Para saksi melaporkan bahwa saat kondisi semakin tegang, sekelompok tentara Israel datang ke lokasi kejadian dan berkolaborasi dengan para pemukim. Mereka mengejar Hamdan Ballal hingga ke rumahnya dan menyerahkannya kepada aparat militer Israel. Saksi bernama Raviv mengungkapkan bahwa mobil Hamdan juga menjadi sasaran serangan, dengan semua jendela pecah dan satu dari ban mobilnya dirusak. Akibat kekerasan tersebut, Hamdan dilaporkan mengalami luka-luka serius, terutama di bagian kepala, dan anggota keluarganya mengonfirmasi bahwa ia menderita cedera di kepala akibat serangan tersebut.
Dalam sebuah postingan di media sosial, Yuval Abraham, rekan sutradara Hamdan, mengunggah rekaman video CCTV yang memperlihatkan momen-momen penyerangan itu. “Sekelompok pemukim baru saja menghakimi Hamdan Ballal, salah satu sutradara film kami, dan memukulinya. Ia mengalami luka berat di kepala dan perutnya, hingga berdarah,” ungkap Yuval. Sejumlah video yang dipostingnya menunjukkan kelompok yang mengenakan seragam militer Israel dan topeng, terlihat melempar batu ke arah kamera, mengaburkan rekaman dari CCTV.
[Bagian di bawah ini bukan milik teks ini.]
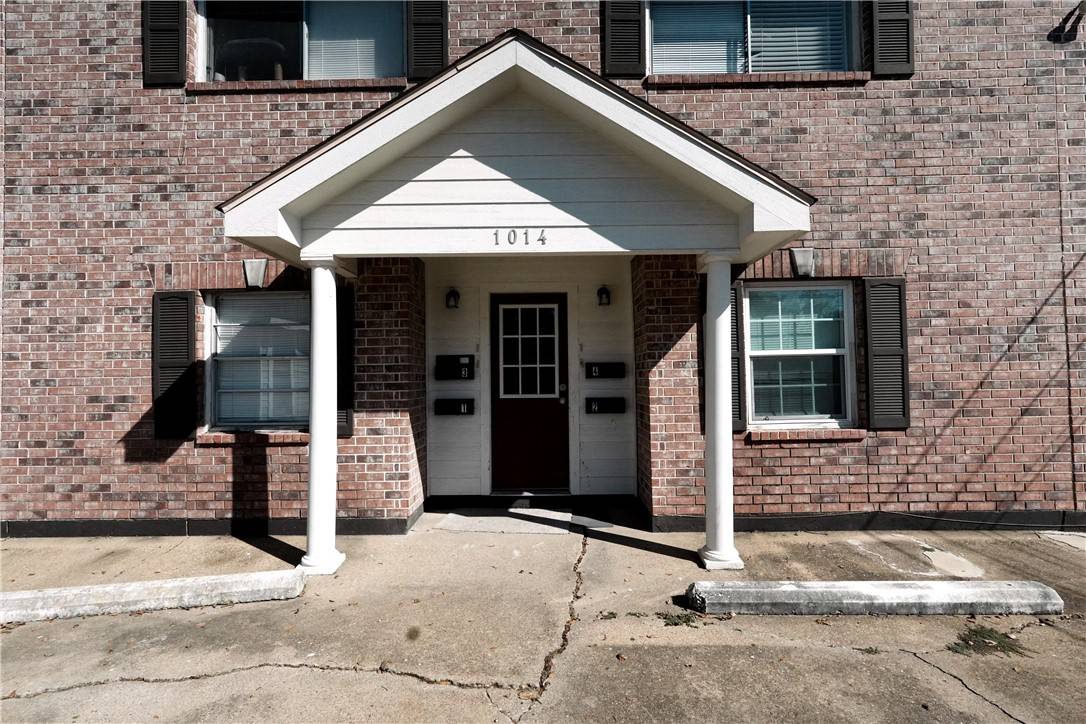 Bryan, TX 77803,1014 23rd E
Setelah penyerangan itu, Hamdan dipaksa untuk menaiki ambulans yang ia panggil, tetapi tentara Israel dilaporkan merangsek masuk dan membawanya pergi. Hingga saat ini, tidak ada informasi lebih lanjut mengenai keberadaan Hamdan setelah insiden tersebut. Penangkapan ini merupakan bagian dari pola kekerasan yang dialami oleh sutradara dan kru film “No Other Land”, di mana sebelumnya Basel Adra, sutradara lainnya, melaporkan hal serupa di bulan Februari. Ia juga dikepung dan diserang oleh pemukim Israel bertopeng.
Keberadaan “No Other Land” sebagai film yang menyoroti realitas kehidupan di wilayah konflik, membuat para pembuat filmnya sering kali menjadi target. Penyerangan yang menimpa Hamdan Ballal bukan hanya merupakan isu individu, tetapi juga mencerminkan ketegangan yang terus menerus terjadi antara pemukim Israel dan warga Palestina, terutama di area dengan sejarah panjang konflik.
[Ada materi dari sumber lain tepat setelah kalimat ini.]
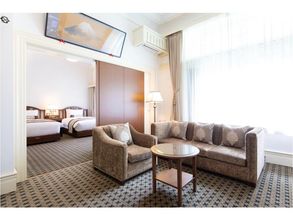 อื่นๆ 4 Fujiya Hotel (Miyanoshita)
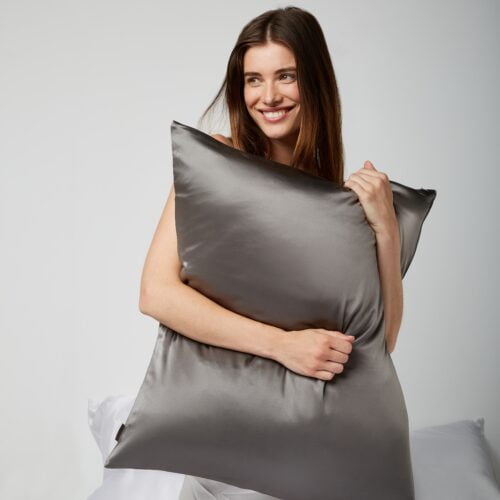 dorerose_1_Antracite_Pillowcases_Solo_235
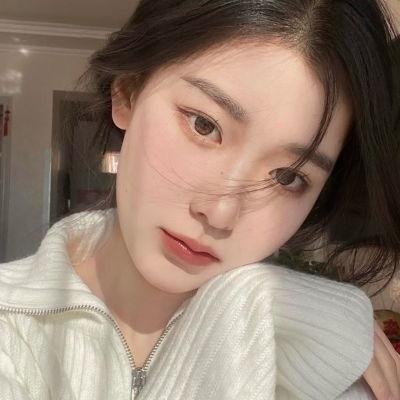 穿入仙画逆袭归来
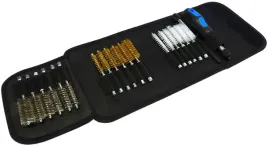 szczotki-do-gniazd-wtryskiwaczy-swiec-zarowych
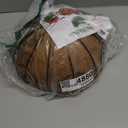 Artificial Christmas Poinsettia Flowers with Hanging Basket for Outdoor Decoration Red Velvet Poinsettia Bouquet Potted Fake Plants Faux Silk Christmas Flowers for Home Porch Garden Patio Xmas Decor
Berdasarkan informasi yang diperoleh, penyerangan semacam ini menunjukkan kompleksitas situasi di wilayah pendudukan Palestina. Aktivis-aktivis yang menyaksikan serangan tersebut menggarisbawahi bahwa tindakan kekerasan terhadap individu yang menyuarakan pandangan berbeda harus menjadi perhatian utama masyarakat internasional. Dalam konteks ini, film “No Other Land” diharapkan bisa membuka dialog dan meningkatkan kesadaran mengenai dampak konflik terhadap kehidupan sehari-hari masyarakat Palestina dan para pembuat film seperti Hamdan Ballal.
Insiden ini menggugah kepedulian mengenai perlindungan terhadap hak asasi manusia dan kebebasan berekspresi di wilayah yang dilanda konflik. Dengan situasi yang masih belum jelas mengenai nasib Hamdan Ballal, banyak pihak menyerukan aksi solidaritas dan penegakan hukum untuk mencegah kejadian serupa di masa mendatang. Keterlibatan masyarakat internasional dalam menanggapi insiden ini diharapkan dapat membantu menciptakan ruang yang lebih aman bagi seniman dan pembuat film yang berani menyuarakan kebenaran dalam karya-karya mereka.